Tuesday 3 December 2013

Sorts and Efficiency (SLOG topic for Nov. 28th)

During the week of Nov.4th, we had already come to the conclusion that the python built-in sort is the most efficient. Then it is quick sort and merge sort (with O(nlog n)), while selection sort being the least efficient (with O(n2)). Also during lab09, we were asked to run each different sort and record the time each sort took to sort a list with 1000, 2000, 3000, 4000, 5000, and 6000 items. We also repeated the same steps for sorted list as well as reverse sorted list. The results did match the race we did in class during the week of Nov. 4th.
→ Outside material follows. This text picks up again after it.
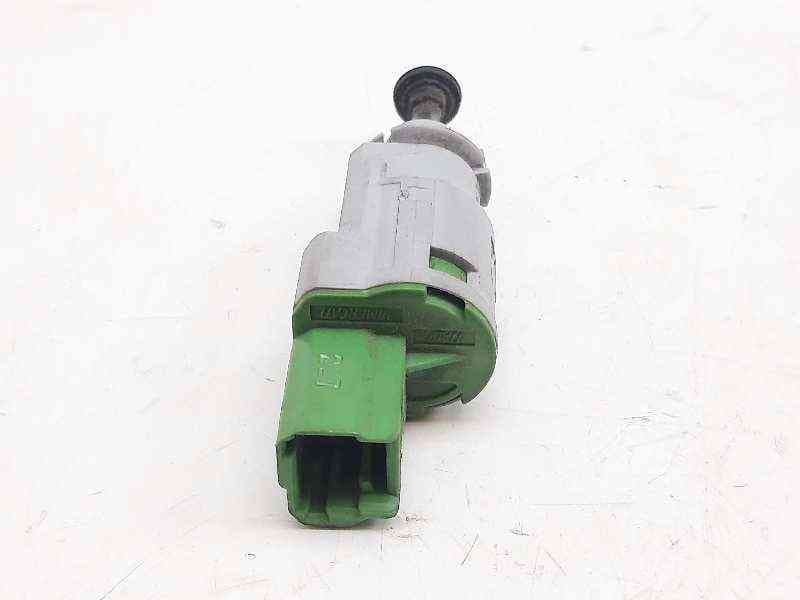 Recambio de interruptor para dacia dokker ambiance referencia OEM IAM 8200276360D 3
During the second half of the Wednesday class, we revisited the quick sort algorithm. Professor Heap pointed out that if we run quick sort on an already sorted list (reversed or not), it would take a longer time (the worst case scenario). In this case, instead of O(nlog n), quick sort would be O(n2). Normally, quick sort works by picking the first item as a pivot, arrange all the items with value lower than the pivot in one list, and all the value higher than the pivot in another list. Then it would call quick sort on the two separate lists. The main problem is that the algorithm always takes the first item as the pivot. If the list is already sorted, then one of the lists would be empty. Thus the divide-and-conquer method would not apply. In addition, python has a limit on the number of function calls. If the input is a sorted list with 10000 items, then quick sort would call upon itself 10000 times, which would probably exceed the call limit. In order to solve this problem, we modify the code such that it takes an arbitrary item as the pivot (by using the random module). When the size of the input is large, the probability of the pivot being the smallest or the largest is very small, thus it can solve the problem of sorting sorted list.

Name, Trace, and Efficiency (Week of Nov. 25th)
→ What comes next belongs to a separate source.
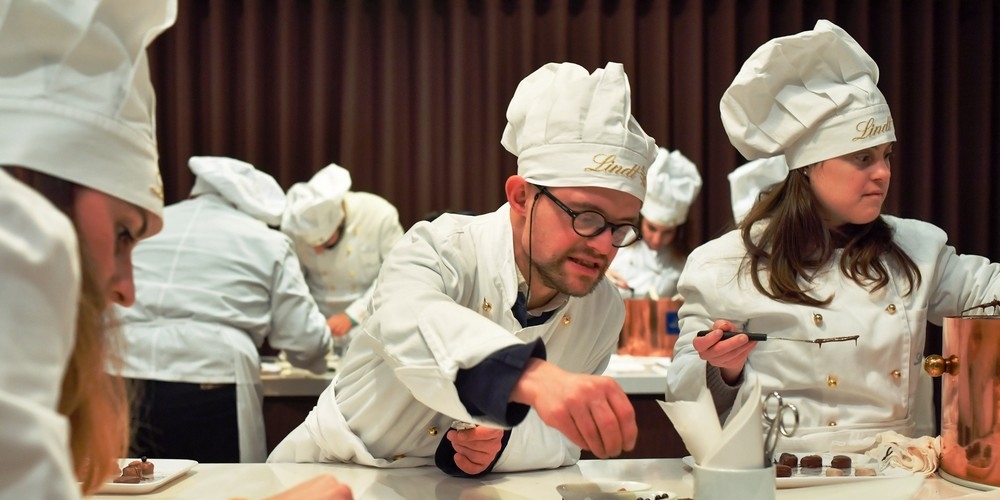 I bambini di Trisomia 21 alla fabbrica di cioccolato.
We learned about name and tracing on Monday. In python, every name contains a value, and every value refers to the address of the object. Also when python is searching for name, it goes in the order of local, nonlocal, global, and then built-in names. Professor also showed us an example of local, nonlocal, and global variable. Prior to this example, I never really understood what global does and I have never encounter nonlocal before. I found the python visualizer really helpful when going through the example, because it list what the variable is assigned to in different frame (eg. In global frame, spam is assigned to “global spam”, while in scope_test frame, spam is assigned to “nonlocal spam”).
After finishing the python memory model, Professor Heap started the topic of tracing method. I found tracing not too complicated for most of the function, as most of the functions are pretty straightforward. Determining the output of a function would not be very hard as long as you understood what the function is supposed to return. However, when tracing recursion function, Professor suggested that we should not trace too far. We should first trace the simplest non-recursive case. Then we should trace the next most complicate case, and plug in the results obtained from the simplest case, and repeat the previous steps.
On Wednesday, Professor Heap started off looking at the Fibonacci recursive function. Professor Heap pointed out that the function made a lot of redundant calls when computing the nth number in the Fibonacci sequence, especially when n is very large. However, if we could record each number in the sequence into a table, then the efficiency would be improved. Of course a lot of programmer had already realized this solution, and they called it memorization. Memorization records value into a table (dictionary usually), and when it is called, it would look up the corresponding value in the table. The original function is only run when the input is not in the table. After computing the output, it would be recorded into the table to prevent redundant calls. In this way, the efficiency can be improved by a lot; thus looking for large Fibonacci number would take as long anymore!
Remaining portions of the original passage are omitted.